By:Phil Lawson Issue:Biennial of the Americas 2010 Section:The Americas Roundtables
Education is a Matter of National Security
Miami Dade College is the largest institution of higher education in the United States and enrolls and graduates more minorities than any other college or university in the country. More than 170,000 students attend the state supported college that has eight campuses and numerous outreach centers. Sixty percent of the students come from low income families; 38 percent at poverty level, but staff at the institution help students shift from a “right to fail” mindset, to a “right to succeed.”
During the Biennial discussion on July 6, Dr. Eduardo Padrón, president of the college, expressed belief that, “Education is an issue of national security,” and he reiterated his concerns during our interview. He said we need to adjust our priorities when comparing the costs of education to incarceration, just in the state of Florida. He said that the traditional K-12 education of a child costs taxpayers about $6,000 per year; average university costs for each student is about $12,000 per year; but the cost to incarcerate a person costs more than $30,000 a year.
“We need to make sure that we set our priorities right,” Dr. Padrón said. “Education in the 21st century is the most important industry… We know that people who do not get educated today are destined to a life of poverty… flipping burgers at ‘you know where;’ making minimum wage and not being able to sustain a family.”

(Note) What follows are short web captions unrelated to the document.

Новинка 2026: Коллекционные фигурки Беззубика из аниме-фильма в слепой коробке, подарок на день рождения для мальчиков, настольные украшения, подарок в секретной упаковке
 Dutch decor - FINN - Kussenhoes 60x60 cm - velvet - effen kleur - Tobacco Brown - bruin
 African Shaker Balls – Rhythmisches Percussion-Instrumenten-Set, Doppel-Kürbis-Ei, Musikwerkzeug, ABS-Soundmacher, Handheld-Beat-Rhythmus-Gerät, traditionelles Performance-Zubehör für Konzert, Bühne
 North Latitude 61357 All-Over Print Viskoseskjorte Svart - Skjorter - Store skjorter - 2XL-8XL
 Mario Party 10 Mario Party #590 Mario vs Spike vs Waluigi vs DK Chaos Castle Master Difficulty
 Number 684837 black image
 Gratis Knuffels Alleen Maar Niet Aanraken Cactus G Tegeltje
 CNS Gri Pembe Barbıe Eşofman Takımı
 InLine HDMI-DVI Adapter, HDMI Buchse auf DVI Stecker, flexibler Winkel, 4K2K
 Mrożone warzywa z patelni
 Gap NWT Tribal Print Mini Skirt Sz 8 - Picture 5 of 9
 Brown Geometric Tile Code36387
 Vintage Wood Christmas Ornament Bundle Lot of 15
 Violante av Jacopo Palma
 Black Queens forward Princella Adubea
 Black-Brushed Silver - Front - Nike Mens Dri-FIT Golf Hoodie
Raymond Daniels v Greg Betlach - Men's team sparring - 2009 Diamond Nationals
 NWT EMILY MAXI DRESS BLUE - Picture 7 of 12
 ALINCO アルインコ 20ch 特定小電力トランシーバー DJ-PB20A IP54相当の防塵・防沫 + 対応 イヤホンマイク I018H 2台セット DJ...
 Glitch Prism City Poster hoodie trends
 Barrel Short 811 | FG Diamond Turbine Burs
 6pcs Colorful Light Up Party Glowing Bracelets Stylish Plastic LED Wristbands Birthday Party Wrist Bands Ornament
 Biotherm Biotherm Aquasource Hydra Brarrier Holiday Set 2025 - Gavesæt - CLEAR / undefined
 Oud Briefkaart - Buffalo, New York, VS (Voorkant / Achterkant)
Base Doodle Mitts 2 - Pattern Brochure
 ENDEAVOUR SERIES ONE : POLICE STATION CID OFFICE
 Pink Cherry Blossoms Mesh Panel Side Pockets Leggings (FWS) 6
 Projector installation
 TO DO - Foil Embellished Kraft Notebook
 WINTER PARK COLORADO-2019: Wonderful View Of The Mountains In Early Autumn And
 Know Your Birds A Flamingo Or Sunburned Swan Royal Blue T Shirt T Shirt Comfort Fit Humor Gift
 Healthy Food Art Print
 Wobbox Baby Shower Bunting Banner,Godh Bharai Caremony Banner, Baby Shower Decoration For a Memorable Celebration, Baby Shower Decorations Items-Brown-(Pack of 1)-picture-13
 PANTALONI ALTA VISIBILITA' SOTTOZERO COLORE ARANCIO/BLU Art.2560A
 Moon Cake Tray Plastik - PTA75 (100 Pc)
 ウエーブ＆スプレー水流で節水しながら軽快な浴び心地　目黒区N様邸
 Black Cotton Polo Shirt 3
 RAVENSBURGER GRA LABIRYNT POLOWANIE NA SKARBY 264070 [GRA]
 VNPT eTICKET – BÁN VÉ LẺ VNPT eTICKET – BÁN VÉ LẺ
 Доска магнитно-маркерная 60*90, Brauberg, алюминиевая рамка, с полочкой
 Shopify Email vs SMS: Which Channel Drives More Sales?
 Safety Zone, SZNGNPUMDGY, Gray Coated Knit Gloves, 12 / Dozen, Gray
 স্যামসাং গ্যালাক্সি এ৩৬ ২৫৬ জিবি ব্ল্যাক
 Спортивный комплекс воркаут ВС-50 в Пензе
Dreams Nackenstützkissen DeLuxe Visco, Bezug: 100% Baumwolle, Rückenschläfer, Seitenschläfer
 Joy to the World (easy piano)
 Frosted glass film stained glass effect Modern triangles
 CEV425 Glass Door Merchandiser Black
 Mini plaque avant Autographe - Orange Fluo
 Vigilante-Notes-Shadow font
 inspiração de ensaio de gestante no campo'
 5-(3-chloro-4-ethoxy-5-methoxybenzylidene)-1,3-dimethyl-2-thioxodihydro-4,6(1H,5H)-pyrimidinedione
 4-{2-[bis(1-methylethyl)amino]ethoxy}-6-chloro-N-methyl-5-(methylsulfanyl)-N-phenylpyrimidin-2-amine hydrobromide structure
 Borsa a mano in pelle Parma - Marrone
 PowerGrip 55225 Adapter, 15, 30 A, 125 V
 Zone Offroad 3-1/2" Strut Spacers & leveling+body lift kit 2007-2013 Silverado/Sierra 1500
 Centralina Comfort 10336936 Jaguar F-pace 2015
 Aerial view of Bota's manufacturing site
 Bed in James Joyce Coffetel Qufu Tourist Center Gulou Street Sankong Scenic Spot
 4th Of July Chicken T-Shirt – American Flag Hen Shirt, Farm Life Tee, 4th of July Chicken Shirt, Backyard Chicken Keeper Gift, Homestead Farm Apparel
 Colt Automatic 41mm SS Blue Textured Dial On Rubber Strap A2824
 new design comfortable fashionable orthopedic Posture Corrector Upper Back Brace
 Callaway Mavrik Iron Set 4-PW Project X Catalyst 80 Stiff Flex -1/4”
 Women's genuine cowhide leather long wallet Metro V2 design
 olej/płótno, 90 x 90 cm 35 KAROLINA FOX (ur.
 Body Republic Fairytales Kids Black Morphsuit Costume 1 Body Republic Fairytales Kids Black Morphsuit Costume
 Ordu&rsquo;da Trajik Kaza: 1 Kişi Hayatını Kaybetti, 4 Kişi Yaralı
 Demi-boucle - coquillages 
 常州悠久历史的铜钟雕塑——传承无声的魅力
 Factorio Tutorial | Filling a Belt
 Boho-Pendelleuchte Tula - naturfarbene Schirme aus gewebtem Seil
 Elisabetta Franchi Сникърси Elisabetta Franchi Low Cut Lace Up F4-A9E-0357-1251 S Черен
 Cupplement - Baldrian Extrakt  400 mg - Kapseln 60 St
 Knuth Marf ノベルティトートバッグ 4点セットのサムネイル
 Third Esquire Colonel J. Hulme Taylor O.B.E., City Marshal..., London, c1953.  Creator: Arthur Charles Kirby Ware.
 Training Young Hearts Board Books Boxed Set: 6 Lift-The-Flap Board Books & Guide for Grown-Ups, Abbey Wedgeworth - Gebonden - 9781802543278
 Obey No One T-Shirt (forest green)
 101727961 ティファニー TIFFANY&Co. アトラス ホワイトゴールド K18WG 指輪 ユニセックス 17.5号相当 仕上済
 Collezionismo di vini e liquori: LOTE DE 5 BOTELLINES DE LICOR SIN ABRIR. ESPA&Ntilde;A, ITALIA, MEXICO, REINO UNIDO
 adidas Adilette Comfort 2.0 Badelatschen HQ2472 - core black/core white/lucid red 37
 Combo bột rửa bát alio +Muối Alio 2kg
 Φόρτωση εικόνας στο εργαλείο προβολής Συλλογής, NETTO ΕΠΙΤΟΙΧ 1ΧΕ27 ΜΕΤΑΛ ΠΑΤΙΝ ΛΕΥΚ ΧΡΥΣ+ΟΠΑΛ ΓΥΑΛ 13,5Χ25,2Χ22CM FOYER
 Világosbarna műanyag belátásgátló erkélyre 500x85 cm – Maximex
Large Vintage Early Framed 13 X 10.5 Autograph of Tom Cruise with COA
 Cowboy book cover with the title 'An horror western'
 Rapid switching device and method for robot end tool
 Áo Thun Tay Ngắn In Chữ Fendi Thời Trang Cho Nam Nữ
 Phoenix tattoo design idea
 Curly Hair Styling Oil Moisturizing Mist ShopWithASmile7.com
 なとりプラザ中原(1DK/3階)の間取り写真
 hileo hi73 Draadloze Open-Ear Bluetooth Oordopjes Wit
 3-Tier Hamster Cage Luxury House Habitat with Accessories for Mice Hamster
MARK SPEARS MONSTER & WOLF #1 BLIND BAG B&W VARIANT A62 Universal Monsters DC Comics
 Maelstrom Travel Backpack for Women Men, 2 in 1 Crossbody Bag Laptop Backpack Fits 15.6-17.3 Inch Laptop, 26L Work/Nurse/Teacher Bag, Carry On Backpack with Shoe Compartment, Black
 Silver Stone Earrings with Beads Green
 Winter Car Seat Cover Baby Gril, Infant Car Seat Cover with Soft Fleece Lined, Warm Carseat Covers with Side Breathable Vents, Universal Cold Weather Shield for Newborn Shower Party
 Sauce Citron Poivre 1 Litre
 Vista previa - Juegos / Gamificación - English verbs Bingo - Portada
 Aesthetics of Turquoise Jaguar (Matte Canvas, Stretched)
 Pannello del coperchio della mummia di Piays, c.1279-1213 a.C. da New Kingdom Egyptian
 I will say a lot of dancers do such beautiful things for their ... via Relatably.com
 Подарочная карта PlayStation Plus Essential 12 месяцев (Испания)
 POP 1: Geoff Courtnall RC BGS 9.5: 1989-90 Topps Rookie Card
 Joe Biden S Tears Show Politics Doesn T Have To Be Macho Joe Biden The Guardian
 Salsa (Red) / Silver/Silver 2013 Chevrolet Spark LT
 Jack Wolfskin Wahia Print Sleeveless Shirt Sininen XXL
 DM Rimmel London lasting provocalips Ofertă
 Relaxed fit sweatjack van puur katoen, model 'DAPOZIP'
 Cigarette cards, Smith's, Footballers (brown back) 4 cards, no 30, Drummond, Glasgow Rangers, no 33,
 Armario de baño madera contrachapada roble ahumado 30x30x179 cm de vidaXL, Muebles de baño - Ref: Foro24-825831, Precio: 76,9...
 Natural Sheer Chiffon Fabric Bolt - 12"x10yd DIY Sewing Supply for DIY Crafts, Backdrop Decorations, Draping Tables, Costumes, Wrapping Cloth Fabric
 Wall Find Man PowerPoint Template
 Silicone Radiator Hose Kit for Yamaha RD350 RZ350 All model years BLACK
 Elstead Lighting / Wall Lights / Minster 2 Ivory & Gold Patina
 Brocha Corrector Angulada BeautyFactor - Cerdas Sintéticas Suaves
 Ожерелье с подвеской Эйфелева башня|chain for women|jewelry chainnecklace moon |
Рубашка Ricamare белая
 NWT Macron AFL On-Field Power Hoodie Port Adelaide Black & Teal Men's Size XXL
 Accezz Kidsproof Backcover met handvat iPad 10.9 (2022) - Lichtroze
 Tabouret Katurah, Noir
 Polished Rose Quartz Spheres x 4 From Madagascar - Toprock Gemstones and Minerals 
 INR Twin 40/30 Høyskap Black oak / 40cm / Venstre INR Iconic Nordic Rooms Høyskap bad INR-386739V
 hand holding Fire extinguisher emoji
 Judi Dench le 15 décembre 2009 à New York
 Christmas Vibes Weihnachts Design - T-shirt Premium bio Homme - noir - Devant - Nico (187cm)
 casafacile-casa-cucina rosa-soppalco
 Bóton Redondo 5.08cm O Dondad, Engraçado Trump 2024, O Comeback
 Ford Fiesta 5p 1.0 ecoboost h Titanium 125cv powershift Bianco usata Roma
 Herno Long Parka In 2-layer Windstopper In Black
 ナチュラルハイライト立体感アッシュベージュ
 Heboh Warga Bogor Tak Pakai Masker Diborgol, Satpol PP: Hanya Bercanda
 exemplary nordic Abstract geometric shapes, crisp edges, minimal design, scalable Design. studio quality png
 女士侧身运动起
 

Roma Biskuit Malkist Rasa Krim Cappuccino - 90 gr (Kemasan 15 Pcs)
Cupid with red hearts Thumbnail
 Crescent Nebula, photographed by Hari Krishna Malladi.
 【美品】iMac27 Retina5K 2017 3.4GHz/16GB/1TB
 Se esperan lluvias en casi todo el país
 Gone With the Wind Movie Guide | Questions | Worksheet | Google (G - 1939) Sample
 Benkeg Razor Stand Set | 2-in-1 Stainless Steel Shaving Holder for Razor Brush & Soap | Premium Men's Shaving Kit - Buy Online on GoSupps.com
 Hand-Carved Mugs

Q: Is the challenge that we are facing—this "achievement gap"—an academic challenge about how to teach better or does it involve other aspects?
A: It is much more complex than that. The main problem is the deficit of understanding that permeates our society today, from the highest levels of policymakers to families.
During much of the 20th Century in America, most people who lived the American dream—to get a job that would allow them to get into the middle class—had work that involved their hands. Today, with the knowledge economy, that has totally changed. Manufacturing and manual labor jobs are no longer the majority. The skills that are needed today are different and because of that, not only has schooling become more difficult and the learning process more demanding, but we need to make sure that we provide access to the masses if we are going to give them a fair chance to be able to participate and to join the middle class.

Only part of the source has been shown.